Like what to do when you have a “runner”, you know the one, the child who runs out of the room, and out of the building in the middle of the morning, while you’re the only adult in the room with 26 five year-olds.
Or how to deal with the administrator who doesn’t think that Kindergarten is a “real” grade.
Or how about a class of 26 students and just me, where 11 of those students don’t speak English and 12 of those students already have IEPs for speech-language services. How do you communicate?
And when do they teach you how to respond to the parent who says “My child is the only white boy in the class”?
Or how to talk to parents when they state every educator’s favorite parent quote “My child does NOT do that at home!”

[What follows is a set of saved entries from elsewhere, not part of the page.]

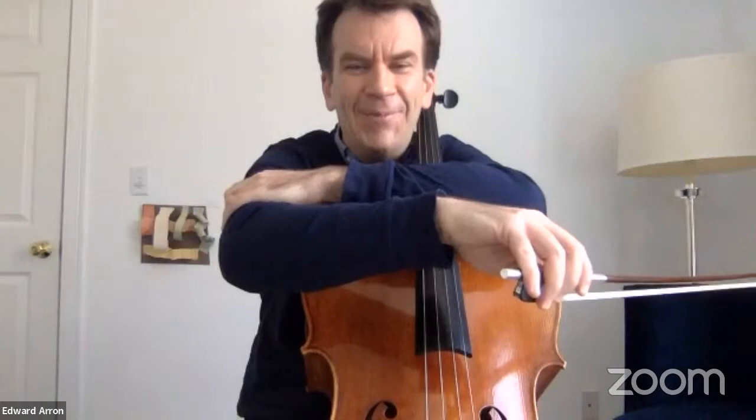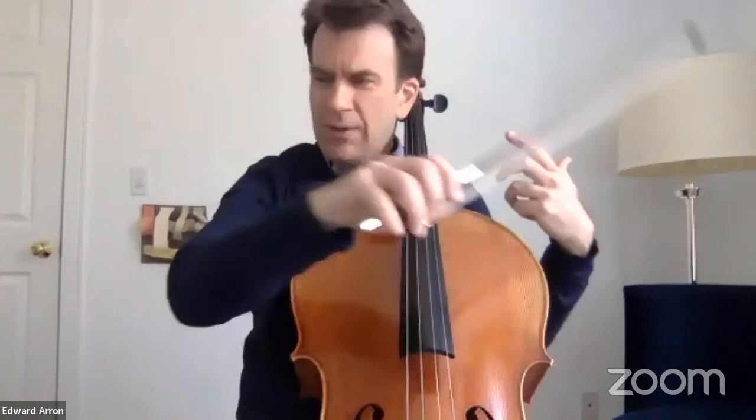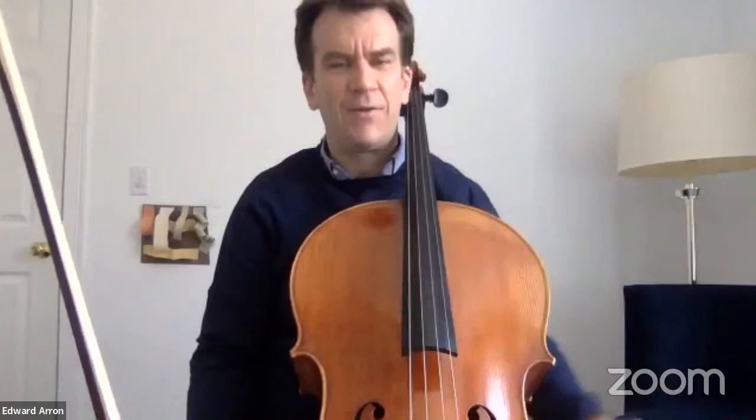Unearthing tonal depth has a lot to do with natural weight coming from the upper arm. I like the idea of that weight just coming down onto the string like a heavy object, then pulling that weight through the string like pulling a heavy object through rich earth — grabbing everything in its wake, unearthing vibrancy from the cello. The arm comes down and I push and pull, letting the cello start to vibrate.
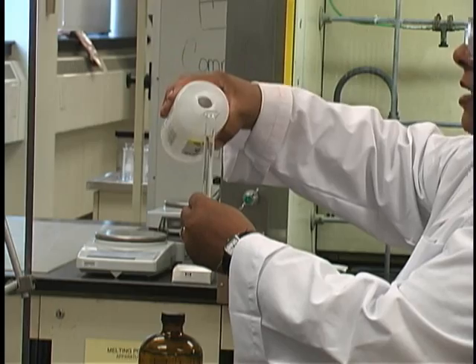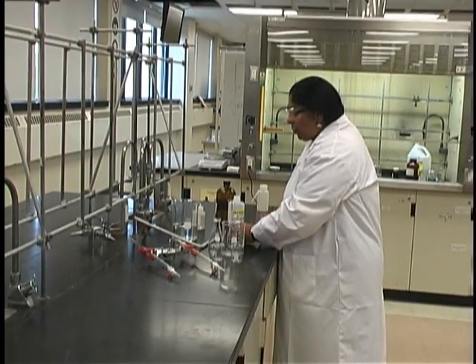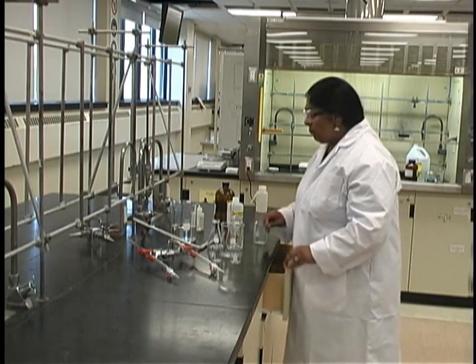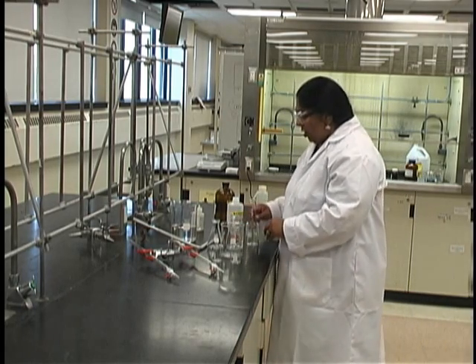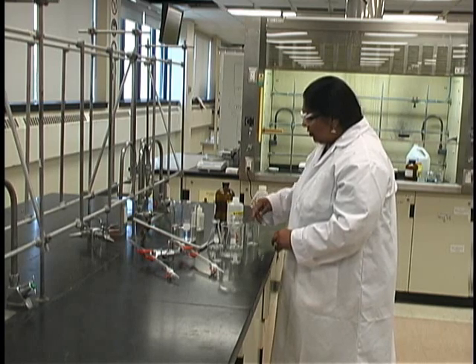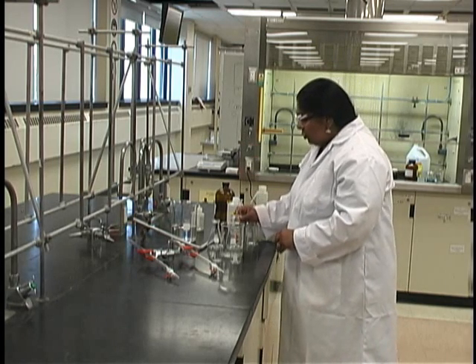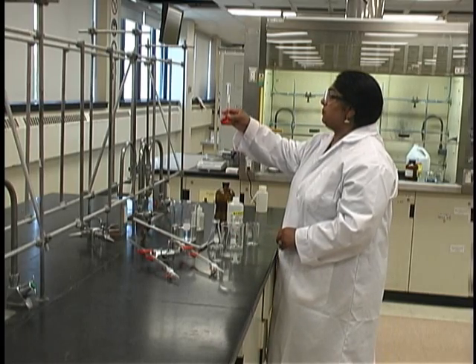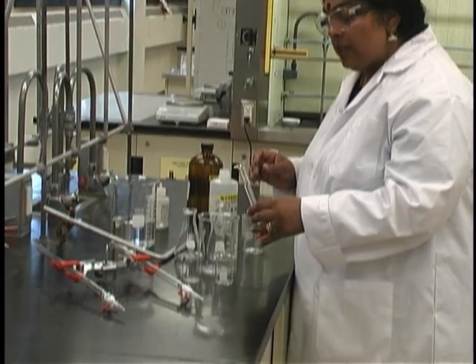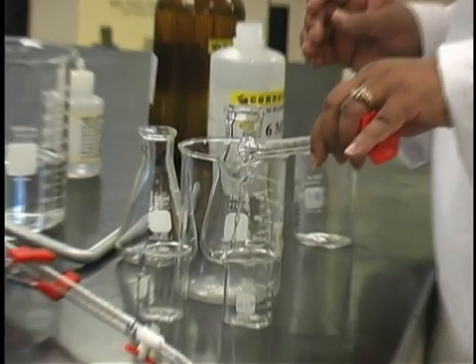The exact volume is not important, but it is important that you know the volume exactly. Also remember that a 10 milliliter graduated cylinder can be read to two digits after the decimal. Transfer this base solution to your 600 milliliter beaker.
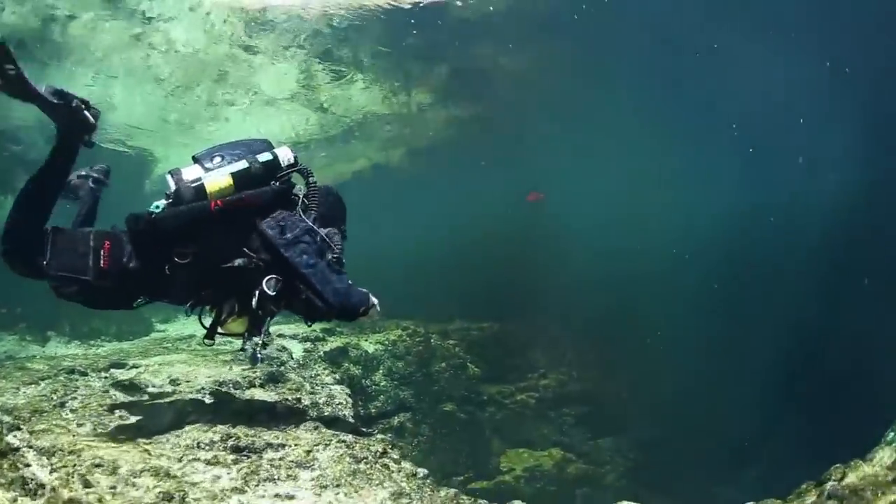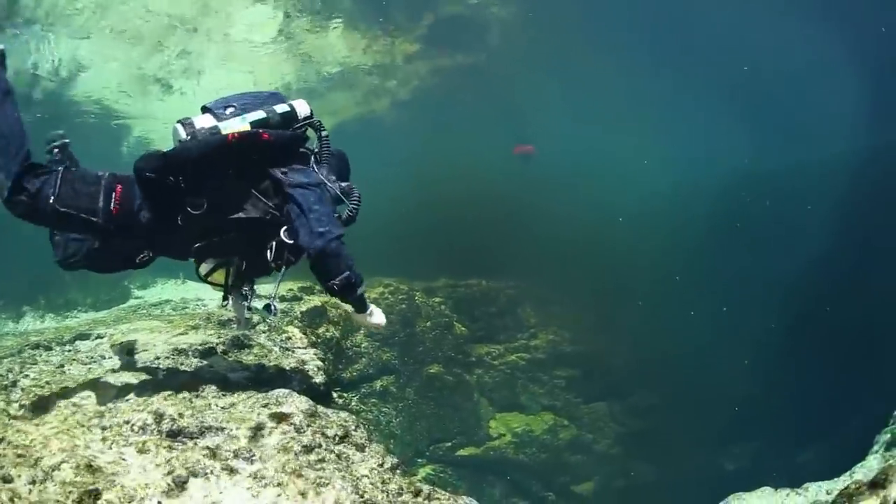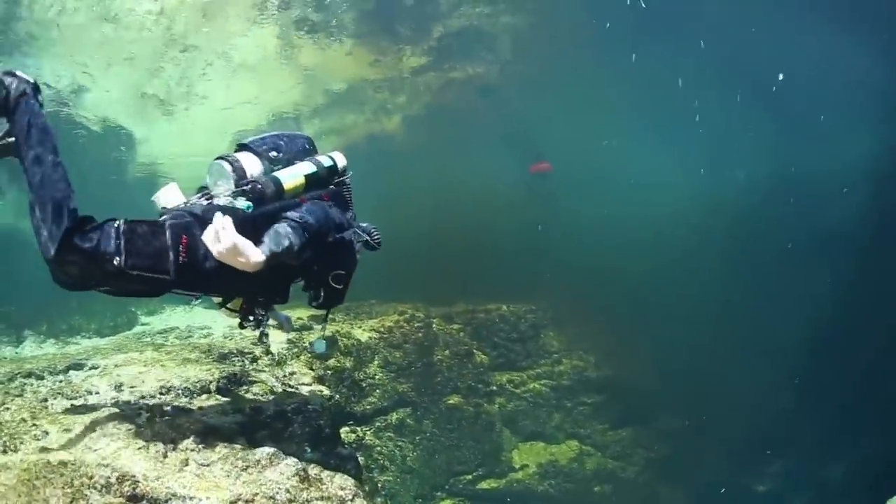It'll take a while, but eventually your buoyancy control will become as intuitive as it was on open circuit SCUBA.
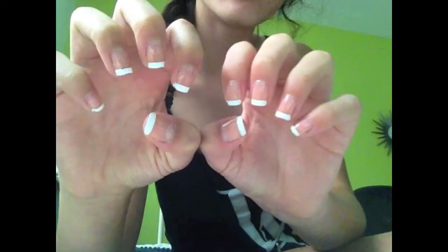I hope you guys enjoyed this quick way to do your nails at home and I will see you in my next video. Bye!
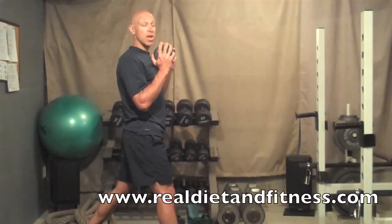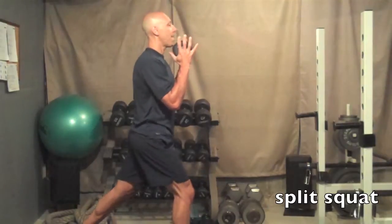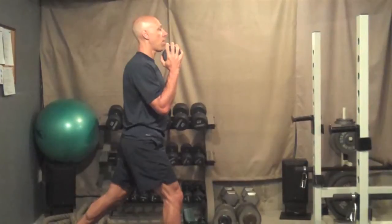The split squat. I'm going to hold the dumbbell, but you can do it as a bodyweight exercise also. Head and chest up. Nice and low — lower yourself down, squeezing your quads and your glutes to come on back up.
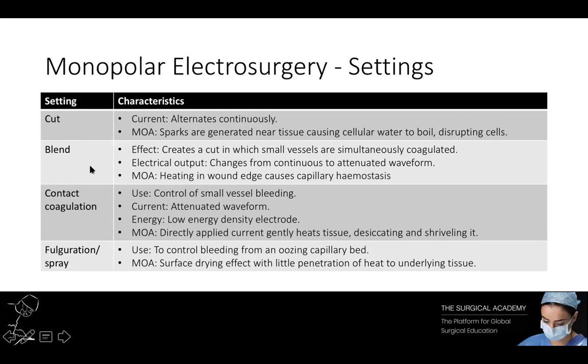The blended cut technique creates a cut in which small vessels are simultaneously coagulated. Selecting the blended cut switch changes the electrical output from a continuous waveform to an attenuated one with a short off time between bursts of electrical activity. The first incision will usually be pure cut with the second incision usually being blended cut. This waveform allows some heating at the wound edge, resulting in capillary haemostasis.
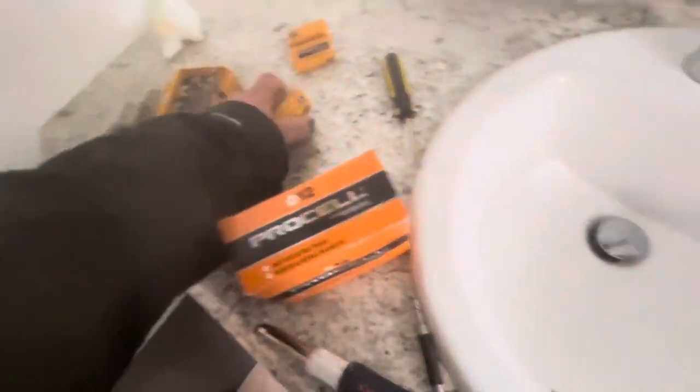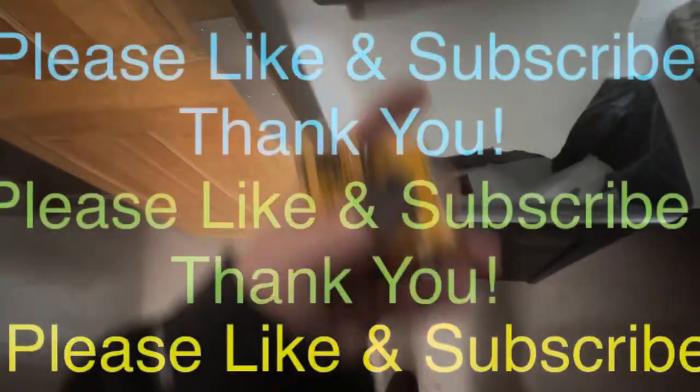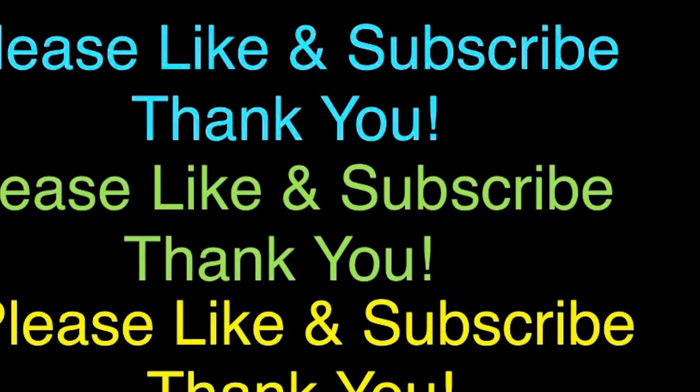After this, you're all good. Make sure you dispose of the batteries appropriately. And if you found this content helpful, hit the like button and subscribe to the channel.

My education did not prepare me for how to deal with any of these challenges. Talk about on the job training! For the past ## years, I have been learning how to handle these situations, and I’m still learning each and every day.
As a new teacher, I didn’t have time to read education journals and keep up with research in the field. I could barely make it through each day. If I was lucky, I found a few extra minutes to flip through the Mailbox magazine for activity ideas. But that wasn’t enough. I knew I was on the right track with what I was doing, and how I was planning, but I also knew that something was missing…all the pieces of the education puzzle were not fitting together for me.
I started networking with my colleagues, and talking about best practices, strategies that work, and why some strategies work better in certain situations. I realized that those “academic” journals were really what I needed to help better understand the research behind different teaching strategies. But I still didn’t have time to read many articles. I took to skimming the call out boxes and bold print. Yes, I survived high school on Cliffs Notes. I was starting my teaching career in the same way.
For some teachers, figuring out how the pieces fit together comes from working with a trusted mentor or having a good network of teachers to provide guidance. For me, I had a really bad experience in the first few years at my first school. That experience forced me to move from my love, Kindergarten, to a new school and a new grade. In the middle of the school year. Yes, the situation was that bad. Needless to say, I was feeling a little lost in third grade. Those children were so BIG! They already knew how to read and write their names. They could count past 10, without skipping any numbers! They knew all the letters, and the colors, and they didn’t mix up the triangle and the rectangle. WOW! Now what do I do?!
It turns out, that was one of the best experiences of my career. EVER! It was while I was teaching third grade that I was introduced to Howard Gardner‘s Multiple Intelligence theory. It was while teaching third grade that my view of children changed. It was while teaching third grade that I learned how to give up control and allow children to make choices. It was while teaching third grade that all of the pieces of the education puzzle started to fit together for me. Oh, I also learned how to stand up for myself and my students.
Now, I don’t wish my experience on anyone. I only taught third grade for one semester, but what a semester it was! All of the things that I learned, I was able to bring back to my Kindergarten classroom the following year. All of the things that I learned that year I still carry with me to this day.